Temos de continuar a cumprir a profecia que a Virgem fez um dia – todas as gerações me chamarão bem-aventurada14 – e que se cumpriu ao pé da letra através de todos os séculos. No campo e na cidade, nos cumes das montanhas, nas fábricas e nos caminhos, em situações de dor e de alegria, em momentos transcendentais (quantos milhões de cristãos não morreram com o doce nome de Maria nos seus lábios ou nos seus pensamentos!), sempre se invocou e se invoca a nossa Mãe. Em tantas e tão diversas ocasiões, milhares de vozes, em diversas línguas, têm cantado louvores à Mãe de Deus ou têm-lhe pedido que olhe com misericórdia para os seus filhos necessitados. É um clamor imenso que brota desta humanidade dorida, em direção à Mãe de Deus, um clamor que atrai a misericórdia do Senhor. A nossa oração nestes dias de preparação para a grande solenidade de hoje uniu-se a tantas vozes que louvam e pedem a Nossa Senhora.

Sem dúvida, foi o Espírito Santo quem ensinou, em todas as épocas, que é mais fácil chegar ao Coração do Senhor por meio de Maria. Por isso, temos de fazer o propósito de buscar sempre um trato muito íntimo com a Virgem, de caminhar por esse atalho para chegarmos antes a Cristo: “Conservai zelosamente esse terno e confiado amor à Virgem – anima-nos o Sumo Pontífice –. Não o deixeis esfriar nunca [...]. Sede fiéis aos exercícios de piedade mariana tradicionais na Igreja: a oração do Angelus, o mês de Maria e, de modo muito especial, o Rosário”15.

Maria, cheia de graça e de esplendor, bendita entre as mulheres, é também nossa Mãe. Uma manifestação de amor a Nossa Senhora é trazer uma imagem sua na carteira ou no bolso; é multiplicar discretamente os seus retratos ao nosso redor, nos quartos da casa, no carro, no escritório ou lugar de trabalho. Parecer-nos-á natural invocá-la, ainda que seja sem palavras.

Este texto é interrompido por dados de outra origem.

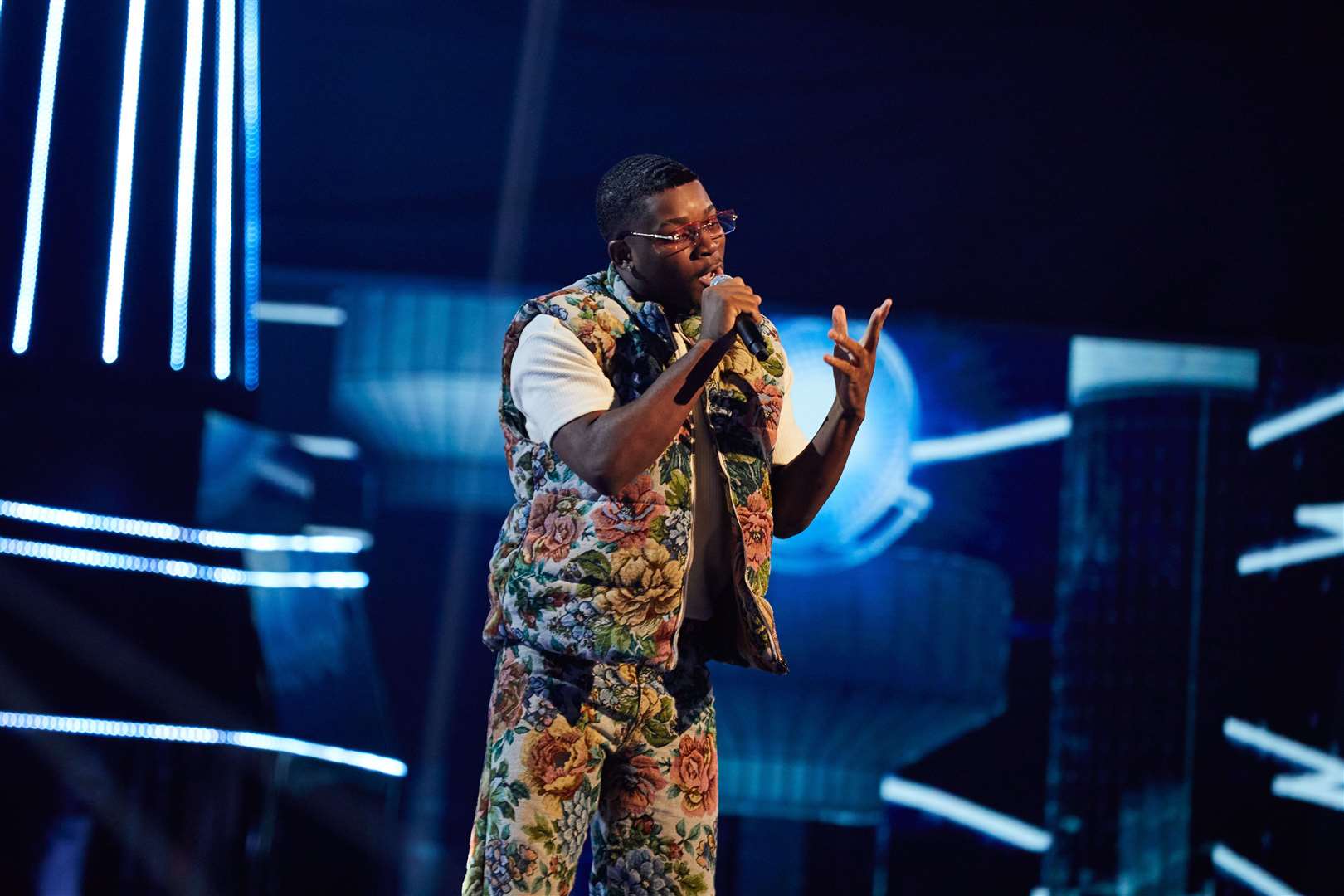 James Okulaja secured his place in the final of The Voice - now he needs your vote. Picture: ITV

Se cumprirmos o nosso propósito de recorrer com mais freqüência à Virgem, desde o dia de hoje, verificaremos que “Nossa Senhora é descanso para os que trabalham, consolo dos que choram, remédio para os enfermos, porto para os que encontram no meio da tempestade, perdão para os pecadores, doce alívio dos tristes, socorro para os que rezam”16.

(1) Is 61, 10; Antífona de entrada da Missa do dia 8 de dezembro; (2) Santo André de Creta, Homilia I na Natividade da Santíssima Mãe de Deus; (3) Conc. Vat. II, Const. Lumen gentium, 61; (4) Gên 3, 9-15; 20; (5) cfr. Conc. Vat. II, Const. Lumen gentium, 54; (6) ib., 63; (7) ib., 65; (8) ib., 65; (9) João Paulo II, Alocução, 8-XII-1982; (10) Lc 1, 28; Evangelho da Missa do dia 8 de dezembro; (11) Pio IX, Bula Ineffabilis Deus, 8-XII-1854; (12) Josemaría Escrivá, É Cristo que passa, n. 171; (13) R. A. Knox, Tiempos y fiestas del año litúrgico, pág. 298; (14) cfr. Lc 2, 48; (15) João Paulo II, Homilia, 12-X-1980; (16) São João Damasceno, Homilia na Dormição da B. Virgem Maria.